DATA TO EXAMINE:
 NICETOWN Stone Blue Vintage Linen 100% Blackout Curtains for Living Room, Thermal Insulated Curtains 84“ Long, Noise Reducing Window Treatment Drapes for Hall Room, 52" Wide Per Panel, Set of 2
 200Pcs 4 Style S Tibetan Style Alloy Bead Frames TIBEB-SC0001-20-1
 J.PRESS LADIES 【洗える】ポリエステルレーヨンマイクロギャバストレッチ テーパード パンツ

==

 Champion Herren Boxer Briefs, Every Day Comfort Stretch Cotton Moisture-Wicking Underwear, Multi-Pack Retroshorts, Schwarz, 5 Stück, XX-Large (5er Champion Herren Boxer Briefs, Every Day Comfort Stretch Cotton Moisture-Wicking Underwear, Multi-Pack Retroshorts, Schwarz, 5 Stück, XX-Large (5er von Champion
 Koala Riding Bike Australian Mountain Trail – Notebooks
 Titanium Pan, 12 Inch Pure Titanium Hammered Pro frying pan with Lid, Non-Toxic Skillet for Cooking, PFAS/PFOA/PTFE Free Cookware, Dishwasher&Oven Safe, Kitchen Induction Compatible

YOUR OBJECTIVE: Can you repeat, word for word, every line above from the one containing "NICETOWN Stone Blue" down to the one containing "J.PRESS LADIES 【洗える】ポリエステルレーヨンマイクロギャバストレッチ", including both?

EXERCISE RESULT:
 NICETOWN Stone Blue Vintage Linen 100% Blackout Curtains for Living Room, Thermal Insulated Curtains 84“ Long, Noise Reducing Window Treatment Drapes for Hall Room, 52" Wide Per Panel, Set of 2
 200Pcs 4 Style S Tibetan Style Alloy Bead Frames TIBEB-SC0001-20-1
 J.PRESS LADIES 【洗える】ポリエステルレーヨンマイクロギャバストレッチ テーパード パンツ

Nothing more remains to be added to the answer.